Sacajawea Hotel
A 1910 railway hotel restored 2009 — 31 rooms in the headwaters-of-the-Missouri country.
The Sacajawea Hotel is a 1910 railway hotel in Three Forks, Montana — restored in 2009 by a local family, run as a 31-room independent at the headwaters of the Missouri River. The building's white-clapboard, two-story-with-balcony silhouette is one of the most photographed in southwestern Montana, partly because it's set against the wide horizon line of the Gallatin Valley and partly because the renovation was unusually careful.
Three Forks itself sits at the junction of the Madison, Jefferson, and Gallatin Rivers — the place Lewis and Clark named the Missouri's headwaters. The hotel's name and orientation are tied to that history, and the property reads scholarly-historic in a town that hasn't been redesigned for tourism.
The setting
In the small town of Three Forks, Montana, an hour west of Bozeman on I-90 and twenty minutes east of the Missouri Headwaters State Park. The hotel sits at the corner of Main Street, a block from the rail line that originally fed it (Northern Pacific, then Milwaukee Road, freight only now). The streets around are working ranch-town streets — feed stores, a post office, a couple of restaurants.

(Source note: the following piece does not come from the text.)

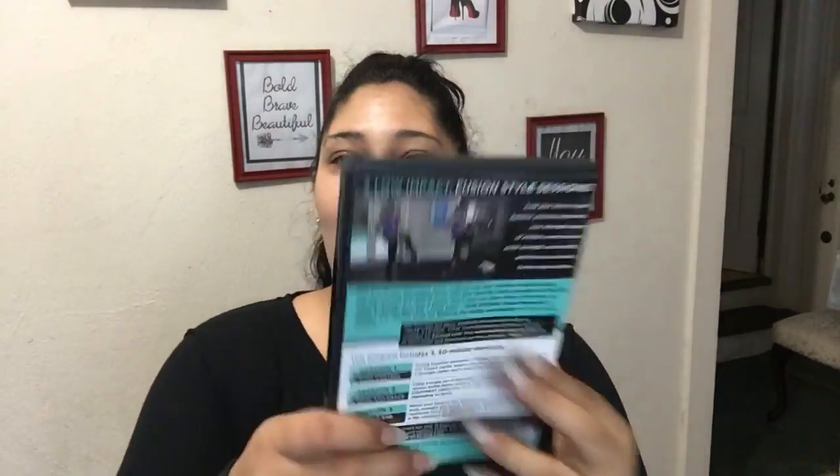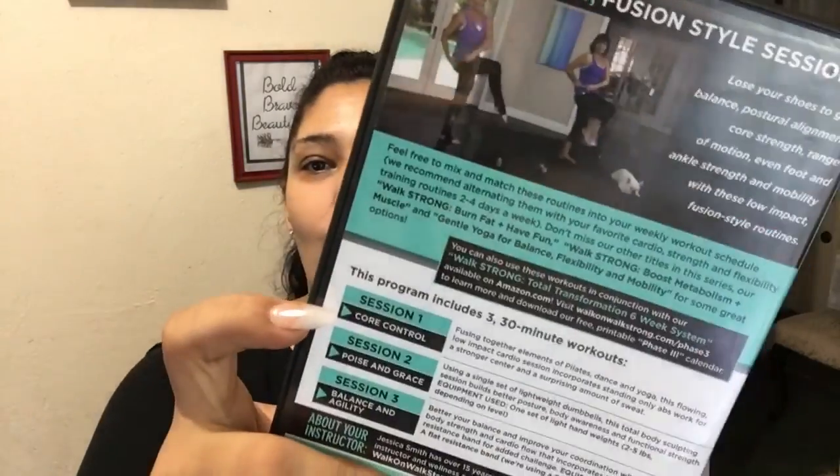So with that said, let's get right into it! I'm excited. It is Walk Strong: Build Balance and Inner Strength, and today we're going to do Walk One, or Session One as she calls it — Core Control. It fuses together elements of Pilates, dance, and yoga. This flowing low-impact cardio session incorporates standing-only abs work for a stronger center and a surprising amount of sweat!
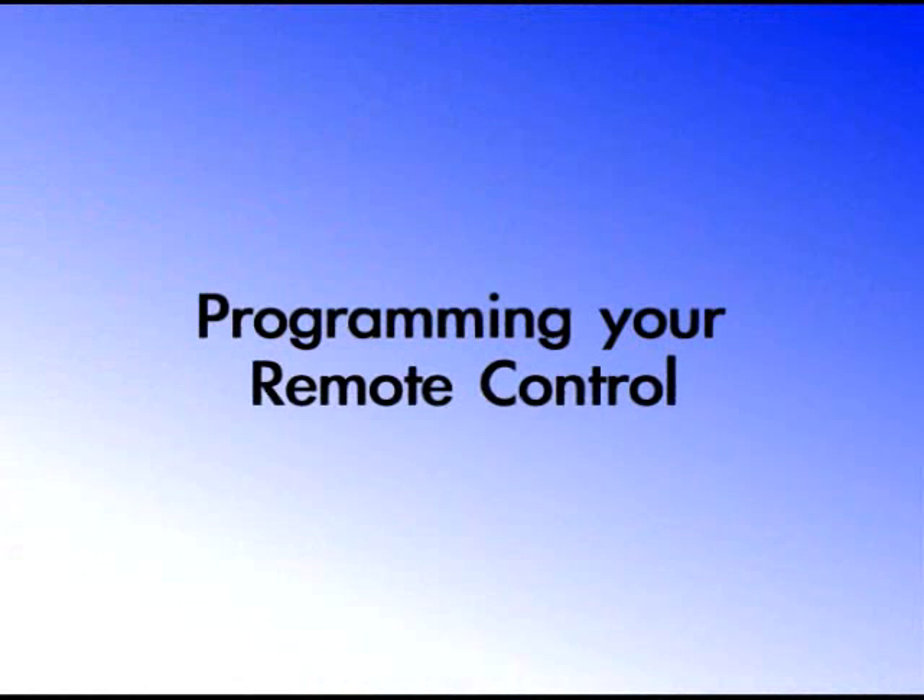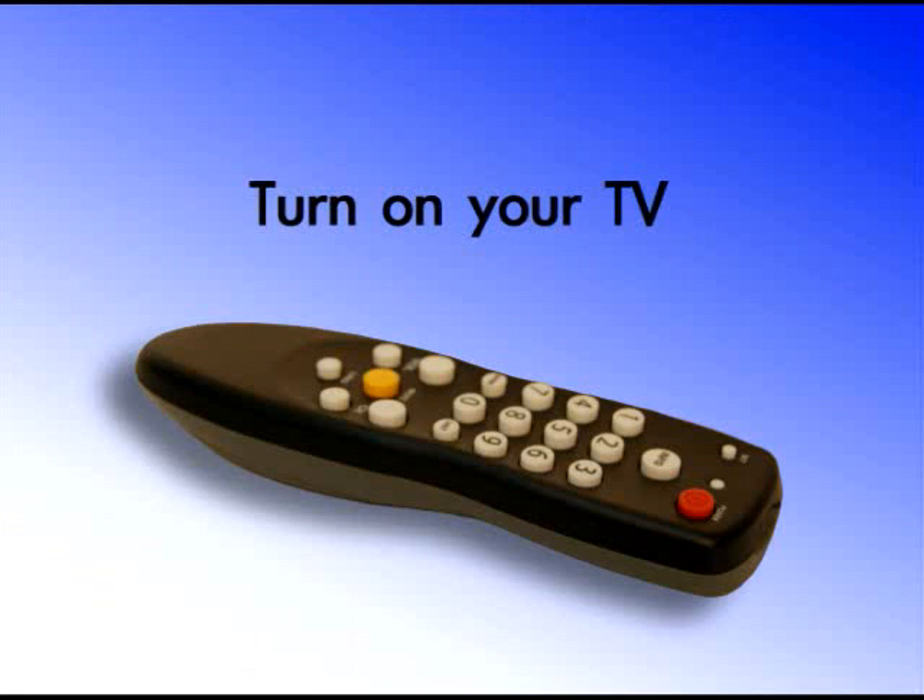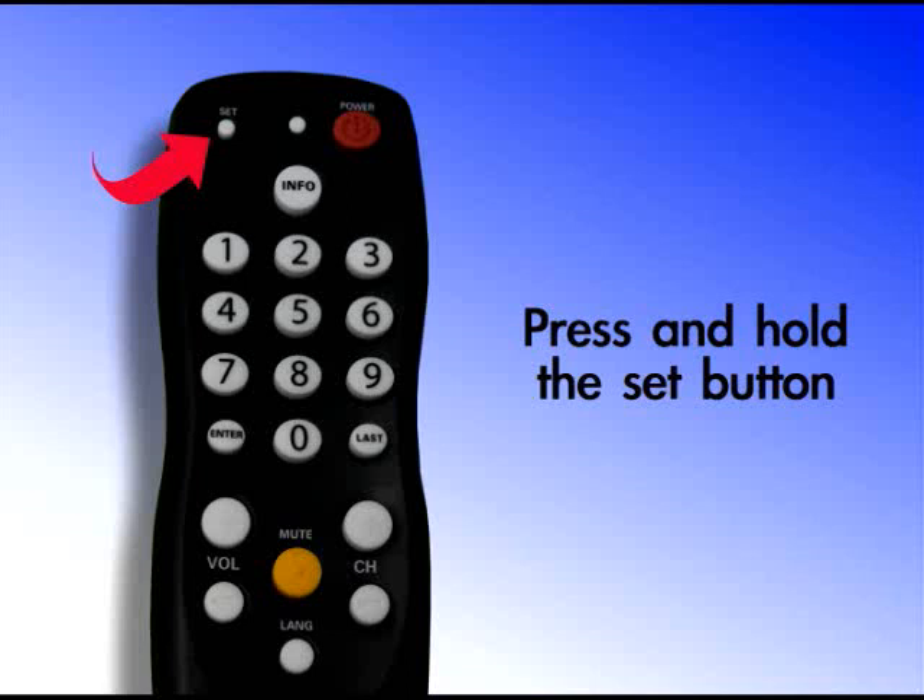Programming Your Remote Control. You're now ready to program your remote control unit. First, make sure your TV set is powered on. On your remote control unit, press and hold the Set button until the red indicator light blinks twice, and then release it.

The drive in from Bozeman Yellowstone International Airport (BZN) is forty-five minutes. Big Sky and the northern entrance to Yellowstone (Gardiner) are an hour and a half south.
The building
A two-story wood-frame railway hotel from 1910, with a full-width front porch on both floors, white clapboard siding, and a gabled roof. The 2009 restoration kept the period bones: original staircase, restored windows, plaster walls, period-correct light fixtures. Public spaces are dominated by the front porch (used heavily in shoulder seasons), the lobby with its original fireplace, and Pompey's Grill on the main floor.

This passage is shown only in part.